SÃO PAULO (Reuters) - Uma das mais extraordinárias poetas da língua inglesa, Emily Dickinson (1830-1886) teve uma vida quase anônima, vivendo e morrendo em Amherst, Massachussets, e não publicando, em vida, mais do que 12 de seus 1.775 poemas até hoje conhecidos.
É procurando captar a atmosfera de seu tempo e o espírito desta mulher original e singular, que talvez nunca suspeitou da fama póstuma de que desfrutaria, que o cineasta inglês Terence Davis realiza “Além das Palavras”, contando com a entrega e a cumplicidade da atriz Cynthia Nixon para encarnar a autora na maior parte do filme.
Diretor de filmes como “Vozes Distantes” (88) e “Amor Profundo” (2011), Davies é um diretor na medida certa para calibrar emoções delicadas, ainda que intensas. Por isso, torna-se ideal para conduzir esta investigação em torno do contexto e da vida de Emily – uma mulher culta, conectada com seu tempo, ciente da discriminação voltada contra uma maior expressão e independência feminina. Rebelde, sim, mas de uma rebeldia contida, seja pelo ambiente calvinista e puritano de Amherst, seja por seu próprio temperamento recatado e uma noção muito particular de integridade.
Contando com um roteiro assinado também por Davies, a história começa com a jovem Emily (Emma Bell) rebelando-se na escola contra imposições religiosas – no que teve o apoio do pai, Edward (Keith Carradine), um advogado culto e politizado que não nutria maiores simpatias pelos excessos do rigor cristão.
De volta a casa, Emily reúne-se aos irmãos, Austin (Duncan Duff) e Vinnie (Jennifer Ehle), compondo um trio afetiva e intelectualmente muito ligado. Os diálogos sofisticados entre estes três e o pai são muito reveladores do ambiente refinado em que se movia Emily, também uma leitora voraz de poetas de sua época, como Robert Browning e sua mulher, Elizabeth Barrett Browning.
O peso de uma era puritana observa-se no entanto no comportamento esperado das mulheres da época. Tanto que Emily pede autorização ao pai para escrever seus poemas à noite. Entre os dois, aliás, havia um relacionamento afetuoso mas não faltam situações que demonstram que há limites para a emancipação de Emily.
O grande acerto do filme é contemplar as contradições da própria poeta, uma mulher solitária, sem maiores relacionamentos fora deste círculo familiar, que nunca se casou e parece ter nutrido apenas paixões platônicas e impossíveis – como por um pastor casado, Charles Wadsworth (Eric Loren), seu grande amigo.

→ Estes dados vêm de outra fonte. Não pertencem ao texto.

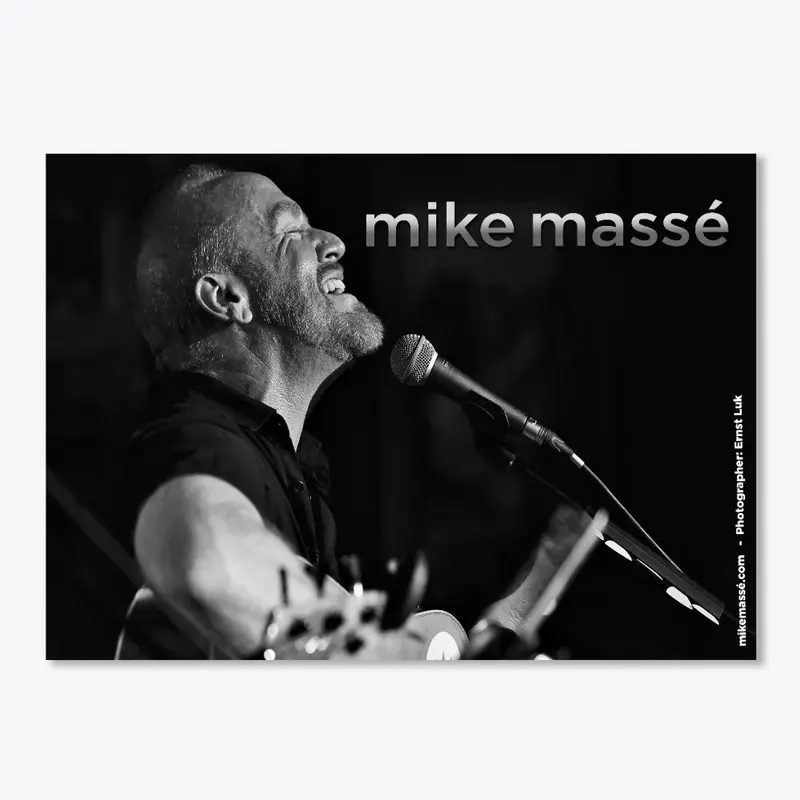 MikeMassé Poster/Sticker 2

Ao lado desta vivência social restrita, em que desponta apenas uma amiga peculiarmente extrovertida, Vrying Buffam (Catherine Bailey), estrutura-se toda uma densa vida interior, traduzida nos belos poemas de Emily – e o filme apresenta vários deles, na leitura expressiva de Cynthia Nixon.
Sem pretender igualmente esgotar todos os mistérios da personagem, bem como de suas escolhas, “Além das Palavras” contribui para traçar um retrato bastante realista e emotivo de quem ela pode ter sido, compreendendo as circunstâncias de sua época e as tragédias de sua vida – como a morte de sua mãe (Joanna Bacon) e sua própria saúde precária, com um doloroso problema renal que tornou seus últimos anos particularmente difíceis.
A fotografia do alemão Florian Hoffmeister – que foi parceiro do diretor em “Amor Profundo” – é uma ferramenta imprescindível à criação dos climas suaves e contrastados que se alternam à medida que a narrativa avança, contribuindo para um aspecto natural e vivo de cada momento, sem o ranço de alguns filmes de época. Este aspecto técnico é particularmente importante num filme que se desenrola muito em ambientes internos, quase claustrofóbico, traduzindo a implosão emocional de Emily – cuja imaginação e sensibilidade, no entanto, a levaram a ultrapassar os limites de seu tempo de uma forma extraordinária.